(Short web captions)
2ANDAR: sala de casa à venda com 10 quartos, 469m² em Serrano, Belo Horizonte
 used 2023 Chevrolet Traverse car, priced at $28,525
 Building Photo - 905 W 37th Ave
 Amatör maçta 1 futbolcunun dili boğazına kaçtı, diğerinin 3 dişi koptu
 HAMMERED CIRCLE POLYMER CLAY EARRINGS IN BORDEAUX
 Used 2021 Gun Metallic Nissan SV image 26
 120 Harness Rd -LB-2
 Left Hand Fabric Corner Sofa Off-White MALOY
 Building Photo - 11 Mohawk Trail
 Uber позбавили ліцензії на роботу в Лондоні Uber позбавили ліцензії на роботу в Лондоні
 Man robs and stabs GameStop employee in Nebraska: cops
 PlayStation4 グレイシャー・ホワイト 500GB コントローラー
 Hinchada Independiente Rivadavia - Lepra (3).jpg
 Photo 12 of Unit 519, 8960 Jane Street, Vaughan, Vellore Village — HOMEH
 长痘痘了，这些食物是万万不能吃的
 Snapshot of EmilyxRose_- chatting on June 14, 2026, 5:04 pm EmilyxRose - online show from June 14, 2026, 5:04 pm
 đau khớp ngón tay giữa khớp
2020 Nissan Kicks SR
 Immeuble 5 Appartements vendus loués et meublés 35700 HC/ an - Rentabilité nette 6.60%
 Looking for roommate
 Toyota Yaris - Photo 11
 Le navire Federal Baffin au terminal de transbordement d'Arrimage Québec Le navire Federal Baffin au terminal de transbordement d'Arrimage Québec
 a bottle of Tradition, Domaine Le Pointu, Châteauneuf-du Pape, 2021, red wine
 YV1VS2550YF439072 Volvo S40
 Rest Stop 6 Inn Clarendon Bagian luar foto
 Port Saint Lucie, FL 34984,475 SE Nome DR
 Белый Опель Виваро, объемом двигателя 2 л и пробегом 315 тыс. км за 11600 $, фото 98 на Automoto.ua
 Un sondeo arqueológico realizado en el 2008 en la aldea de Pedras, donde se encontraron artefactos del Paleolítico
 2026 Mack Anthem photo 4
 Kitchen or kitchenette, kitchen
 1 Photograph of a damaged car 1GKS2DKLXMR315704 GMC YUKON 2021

YOUR GOAL: Write out the data above again, word for word.

REPLY:
2ANDAR: sala de casa à venda com 10 quartos, 469m² em Serrano, Belo Horizonte
 used 2023 Chevrolet Traverse car, priced at $28,525
 Building Photo - 905 W 37th Ave
 Amatör maçta 1 futbolcunun dili boğazına kaçtı, diğerinin 3 dişi koptu
 HAMMERED CIRCLE POLYMER CLAY EARRINGS IN BORDEAUX
 Used 2021 Gun Metallic Nissan SV image 26
 120 Harness Rd -LB-2
 Left Hand Fabric Corner Sofa Off-White MALOY
 Building Photo - 11 Mohawk Trail
 Uber позбавили ліцензії на роботу в Лондоні Uber позбавили ліцензії на роботу в Лондоні
 Man robs and stabs GameStop employee in Nebraska: cops
 PlayStation4 グレイシャー・ホワイト 500GB コントローラー
 Hinchada Independiente Rivadavia - Lepra (3).jpg
 Photo 12 of Unit 519, 8960 Jane Street, Vaughan, Vellore Village — HOMEH
 长痘痘了，这些食物是万万不能吃的
 Snapshot of EmilyxRose_- chatting on June 14, 2026, 5:04 pm EmilyxRose - online show from June 14, 2026, 5:04 pm
 đau khớp ngón tay giữa khớp
2020 Nissan Kicks SR
 Immeuble 5 Appartements vendus loués et meublés 35700 HC/ an - Rentabilité nette 6.60%
 Looking for roommate
 Toyota Yaris - Photo 11
 Le navire Federal Baffin au terminal de transbordement d'Arrimage Québec Le navire Federal Baffin au terminal de transbordement d'Arrimage Québec
 a bottle of Tradition, Domaine Le Pointu, Châteauneuf-du Pape, 2021, red wine
 YV1VS2550YF439072 Volvo S40
 Rest Stop 6 Inn Clarendon Bagian luar foto
 Port Saint Lucie, FL 34984,475 SE Nome DR
 Белый Опель Виваро, объемом двигателя 2 л и пробегом 315 тыс. км за 11600 $, фото 98 на Automoto.ua
 Un sondeo arqueológico realizado en el 2008 en la aldea de Pedras, donde se encontraron artefactos del Paleolítico
 2026 Mack Anthem photo 4
 Kitchen or kitchenette, kitchen
 1 Photograph of a damaged car 1GKS2DKLXMR315704 GMC YUKON 2021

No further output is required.